Only those lines from the one with "French antique copper" through the last line of the material below should be output, each exactly as it appears.

_SUPPLIED MATERIAL_
<<<<
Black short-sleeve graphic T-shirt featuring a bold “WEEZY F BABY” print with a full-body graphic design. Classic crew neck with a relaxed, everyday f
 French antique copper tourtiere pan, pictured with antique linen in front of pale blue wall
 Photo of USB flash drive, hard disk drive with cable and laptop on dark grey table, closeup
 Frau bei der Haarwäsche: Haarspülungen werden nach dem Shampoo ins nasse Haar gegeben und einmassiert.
>>>>
_FINISHED TASK_
 French antique copper tourtiere pan, pictured with antique linen in front of pale blue wall
 Photo of USB flash drive, hard disk drive with cable and laptop on dark grey table, closeup
 Frau bei der Haarwäsche: Haarspülungen werden nach dem Shampoo ins nasse Haar gegeben und einmassiert.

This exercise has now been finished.